The appearance of the placeholders you use does not matter for layout stability. The purpose of placeholders is to assure users that content it is comes and the page is not broken.
This is what the placeholders look like while loading the JSON data:

Abordar el problema de las fuentes web es mucho más sencillo. Debido a que el sitio usa Google Fonts, solo necesitamos pasar el display = swap
propiedad en la solicitud CSS. Eso es todo. La API de fuentes agregará font-display: swap
style in the font declaration, allowing the browser to render the text in an alternate font immediately.
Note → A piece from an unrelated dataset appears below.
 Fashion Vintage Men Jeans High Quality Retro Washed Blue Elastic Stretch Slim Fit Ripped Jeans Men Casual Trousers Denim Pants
Here is the corresponding markup with the correction included:
<link href="https://fonts.googleapis.com/css?family=Chivo:900&display=swap" rel="stylesheet">
Checking the optimizations
After rerunning the page through WebPageTest, we can generate a before and after comparison to visualize the difference and measure the new degree of design instability:

[
{
"name": "",
"entryType": "layout-shift",
"startTime": 3070.9349999997357,
"duration": 0,
"value": 0.000050272187989256116,
"hadRecentInput": false,
"lastInputTime": 0
}
]
According to the custom metric, there is still a design change at 3071ms (roughly the same time as before) but the severity of the change is a lot of lower: 0.005%. I can live with this.
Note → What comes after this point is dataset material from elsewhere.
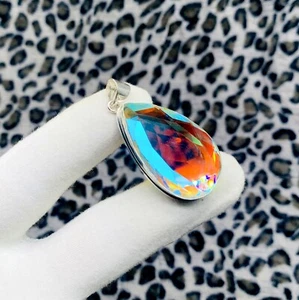 Sterling Silber Träne Mystic Topas Anhänger Regenbogen Feuer facettierter Edelstein Schmuck - Bild 1 von 15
It is also clear from the filmstrip that the <h1>
The font immediately reverts to a system font, allowing users to read it earlier.
conclusion
Complex websites will likely experience many more design changes than in this example, but the remediation process remains the same: add design instability metrics to WebPageTest, cross-reference results with visual loading filmstrip to identify the culprits and implement a solution using placeholders to reserve screen space.
(One more thing) Measurement of design instability experienced by real users
It's nice to be able to run WebPageTest on a page before and after an optimization and see an improvement in a metric, but what really matters is that the user experience is improving. Isn't that why we are trying to improve the site in the first place?
So what would be great if we started measuring actual user design jitter experiences alongside our traditional web performance metrics. This is a crucial piece of the optimization feedback loop because having field data tells us where the problems are and if our fixes made a positive difference.
In addition to collecting your own design instability data, see the Chrome UX Report, which includes cumulative design change data from actual user experiences across millions of websites. It lets you know how you (or your competitors) are performing, or you can use it to explore the state of design instability on the web.